Склонность народов Северо-западного побережья ко всему дионисическому ярко проявляется не только в их обрядах посвящения и ритуальных танцах, но и в их методах ведения хозяйства, военном деле и особенностях соблюдения траура. В этом они являются полной противоположностью аполлоническим народам пуэбло и похожи на большинство коренных жителей Северной Америки. В то же время, свойственная им модель культуры была тесно связана с их своеобразными представлениями об имуществе и о том, как надлежит распоряжаться богатством.

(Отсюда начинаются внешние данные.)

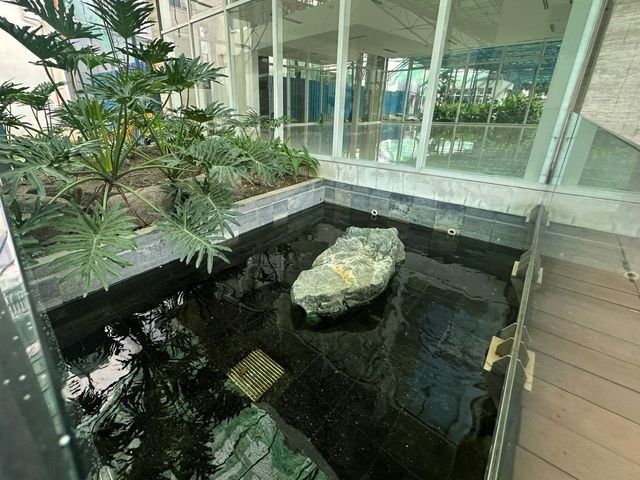 place photo 66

У индейцев Северо-западного побережья было много имущества, и права на него были строго защищены. Владение им было, по сути, владением семейной реликвией, и подобные реликвии составляли основу самого общества. Имущество было двух видов. Земля и море находились в общей собственности группы родственников и передавались по наследству всем ее членам. Они не возделывали поля, но в распоряжении рода находились охотничьи угодья и даже территории сбора диких кореньев и ягод, и никто не мог вторгаться в фамильные владения. С той же строгостью защищались права владения территориями, на которых ловили рыбу. Порой семье приходилось преодолевать большие расстояния, чтобы добраться то тех участков суши, где они могли добывать моллюсков, поскольку территория, прилегавшая к деревне, принадлежала другому роду. Эти земли так долго переходили по наследству, что сама деревня могла переехать в другое место, а право владения залежами моллюсков оставалось неизменным. Они так рьяно защищали право собственности не только на прибрежных территориях, но и на глубоководных участках моря. Принадлежащая той или иной семье территория для ловли палтуса обозначалась двумя опознавательными знаками. Реки тоже были разделены на отдельные участки для ловли рыбы-свечи, и весной семьи добирались издалека, чтобы порыбачить на их собственной территории.